Meine Damen und Herren, hier in diesem Bericht steht klar, daß der Sozialhilfebedarf im nächsten Jahr teilweise höher ist als Grundfreibetrag und Kindergeld, wie Sie es vorhaben. Ich halte das verfassungsrechtlich nicht für hinnehmbar.

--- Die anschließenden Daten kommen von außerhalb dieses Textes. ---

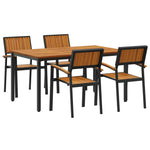 Garden Dining Set 5 pcs Black and brown 150 x 90 x 75 cm 3284415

Jetzt möchte ich Sie zitieren, Herr Bundeskanzler. Sie haben heute morgen sinngemäß den richtigen Satz gesagt: Leistung muß sich lohnen, bzw. Arbeit muß man höher bezahlen als Nichtarbeit, als Tranferleistung. Sie schreiben in diese mittelfristige Finanzplanung ganz deutlich hinein, daß Sie in 1997 das Gegenteil tun. Selbst wenn es gleich wäre, würde es nicht reichen. Lohnabstandsgebot heißt doch: Wenn ich einen Monat zur Arbeit gehe, dann darf ich nicht das gleiche bekommen wie bei der Sozialhilfe, sondern dann muß ich deutlich mehr bekommen als bei der Sozialhilfe. Sie verstoßen gegen das Prinzip des Lohnabstandsgebots. Sie verstoßen gegen das Prinzip: Arbeit muß sich lohnen, Leistung muß sich lohnen. Ich frage Sie, ob Sie es sich wirklich leisten können, nachdem Theo Waigel in seinem mittelfristigen Finanzplan das selber zugesteht, bei dieser verrückten Situation zu bleiben, daß Sie im Jahr 1997 das Sozialhilfeniveau zumindest teilweise unterschreiten. Ich halte das für einen schweren Fehler, verfassungsrechtlich und politisch.